DATA →
--------------------------------------------------
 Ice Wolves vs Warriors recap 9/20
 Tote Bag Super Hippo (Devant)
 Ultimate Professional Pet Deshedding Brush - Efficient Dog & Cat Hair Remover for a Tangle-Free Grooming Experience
--------------------------------------------------
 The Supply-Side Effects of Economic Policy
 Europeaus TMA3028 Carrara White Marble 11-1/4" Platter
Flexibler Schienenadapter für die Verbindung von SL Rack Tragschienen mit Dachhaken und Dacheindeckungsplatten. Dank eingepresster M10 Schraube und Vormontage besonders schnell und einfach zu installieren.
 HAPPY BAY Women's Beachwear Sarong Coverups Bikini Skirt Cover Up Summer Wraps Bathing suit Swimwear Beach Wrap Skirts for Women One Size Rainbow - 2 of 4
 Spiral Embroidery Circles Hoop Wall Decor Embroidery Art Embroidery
--------------------------------------------------
PROBLEM REQUIREMENTS →
Reproduce exactly, and with no other material, the lines between those holding "HAPPY BAY Women's" and "Spiral Embroidery Circles", inclusive.

OUTPUT OF THE TASK →
 HAPPY BAY Women's Beachwear Sarong Coverups Bikini Skirt Cover Up Summer Wraps Bathing suit Swimwear Beach Wrap Skirts for Women One Size Rainbow - 2 of 4
 Spiral Embroidery Circles Hoop Wall Decor Embroidery Art Embroidery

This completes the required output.